WHAT THE TASK REQUIRES: Copy each line below that contains "Floral".

++++++++++

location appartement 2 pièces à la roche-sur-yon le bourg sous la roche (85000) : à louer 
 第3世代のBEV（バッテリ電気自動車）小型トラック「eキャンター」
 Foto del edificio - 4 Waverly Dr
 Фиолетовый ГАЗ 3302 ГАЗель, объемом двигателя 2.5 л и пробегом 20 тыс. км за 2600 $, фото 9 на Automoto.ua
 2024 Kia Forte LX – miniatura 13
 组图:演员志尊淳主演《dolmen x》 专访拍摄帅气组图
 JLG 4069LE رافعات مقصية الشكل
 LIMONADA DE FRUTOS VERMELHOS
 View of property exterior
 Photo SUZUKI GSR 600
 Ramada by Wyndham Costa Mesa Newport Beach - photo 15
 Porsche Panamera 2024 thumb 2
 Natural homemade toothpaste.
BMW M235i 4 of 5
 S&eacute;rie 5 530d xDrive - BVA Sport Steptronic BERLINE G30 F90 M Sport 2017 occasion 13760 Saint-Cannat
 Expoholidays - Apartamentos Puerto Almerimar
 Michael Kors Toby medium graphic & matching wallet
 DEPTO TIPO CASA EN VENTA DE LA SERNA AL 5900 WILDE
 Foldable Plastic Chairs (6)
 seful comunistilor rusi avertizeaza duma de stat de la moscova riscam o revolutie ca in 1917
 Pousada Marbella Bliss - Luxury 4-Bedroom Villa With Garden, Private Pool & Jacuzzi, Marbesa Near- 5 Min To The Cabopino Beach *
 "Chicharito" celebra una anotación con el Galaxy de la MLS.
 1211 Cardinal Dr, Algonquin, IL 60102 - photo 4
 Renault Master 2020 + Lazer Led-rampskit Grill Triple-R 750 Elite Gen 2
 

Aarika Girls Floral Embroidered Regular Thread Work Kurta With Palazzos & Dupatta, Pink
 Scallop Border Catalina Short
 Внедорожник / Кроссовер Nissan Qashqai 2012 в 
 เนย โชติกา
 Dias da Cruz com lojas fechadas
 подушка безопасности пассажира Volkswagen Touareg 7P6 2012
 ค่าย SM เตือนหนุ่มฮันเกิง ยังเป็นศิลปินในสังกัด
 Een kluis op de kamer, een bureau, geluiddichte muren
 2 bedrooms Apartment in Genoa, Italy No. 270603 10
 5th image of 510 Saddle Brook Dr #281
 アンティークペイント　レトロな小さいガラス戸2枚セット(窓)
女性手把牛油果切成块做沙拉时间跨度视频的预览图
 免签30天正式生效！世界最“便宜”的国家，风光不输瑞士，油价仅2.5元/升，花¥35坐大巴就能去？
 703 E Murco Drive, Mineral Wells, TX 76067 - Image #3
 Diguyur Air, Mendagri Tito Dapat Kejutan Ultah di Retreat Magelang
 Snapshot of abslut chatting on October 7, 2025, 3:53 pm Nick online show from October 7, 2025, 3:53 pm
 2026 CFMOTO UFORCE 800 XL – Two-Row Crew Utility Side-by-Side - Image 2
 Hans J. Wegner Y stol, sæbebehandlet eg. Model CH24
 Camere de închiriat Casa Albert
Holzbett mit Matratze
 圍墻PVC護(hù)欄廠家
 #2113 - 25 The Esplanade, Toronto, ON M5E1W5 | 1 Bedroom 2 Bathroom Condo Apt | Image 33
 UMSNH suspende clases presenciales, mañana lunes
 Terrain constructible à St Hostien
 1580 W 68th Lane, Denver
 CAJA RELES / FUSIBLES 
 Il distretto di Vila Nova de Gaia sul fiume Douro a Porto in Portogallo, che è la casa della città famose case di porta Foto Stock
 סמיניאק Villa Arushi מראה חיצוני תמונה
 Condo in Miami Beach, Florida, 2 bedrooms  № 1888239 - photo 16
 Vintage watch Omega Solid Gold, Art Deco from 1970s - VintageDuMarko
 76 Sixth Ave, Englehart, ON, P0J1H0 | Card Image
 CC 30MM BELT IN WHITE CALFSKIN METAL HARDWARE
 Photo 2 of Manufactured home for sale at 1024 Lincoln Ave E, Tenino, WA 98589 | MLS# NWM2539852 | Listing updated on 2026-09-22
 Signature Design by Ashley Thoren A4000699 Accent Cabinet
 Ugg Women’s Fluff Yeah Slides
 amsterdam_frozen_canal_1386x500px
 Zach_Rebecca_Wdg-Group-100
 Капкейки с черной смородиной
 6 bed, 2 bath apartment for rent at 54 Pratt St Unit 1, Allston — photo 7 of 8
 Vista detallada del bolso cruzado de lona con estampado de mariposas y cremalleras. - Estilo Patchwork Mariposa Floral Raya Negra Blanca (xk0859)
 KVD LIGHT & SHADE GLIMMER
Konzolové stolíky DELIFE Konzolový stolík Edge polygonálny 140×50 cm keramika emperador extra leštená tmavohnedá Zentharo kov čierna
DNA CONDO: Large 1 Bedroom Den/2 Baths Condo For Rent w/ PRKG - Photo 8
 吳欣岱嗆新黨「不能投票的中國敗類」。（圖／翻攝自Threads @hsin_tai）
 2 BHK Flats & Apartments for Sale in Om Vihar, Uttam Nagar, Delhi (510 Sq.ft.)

++++++++++

SOLUTION TO THIS EXERCISE:
Aarika Girls Floral Embroidered Regular Thread Work Kurta With Palazzos & Dupatta, Pink
 Vista detallada del bolso cruzado de lona con estampado de mariposas y cremalleras. - Estilo Patchwork Mariposa Floral Raya Negra Blanca (xk0859)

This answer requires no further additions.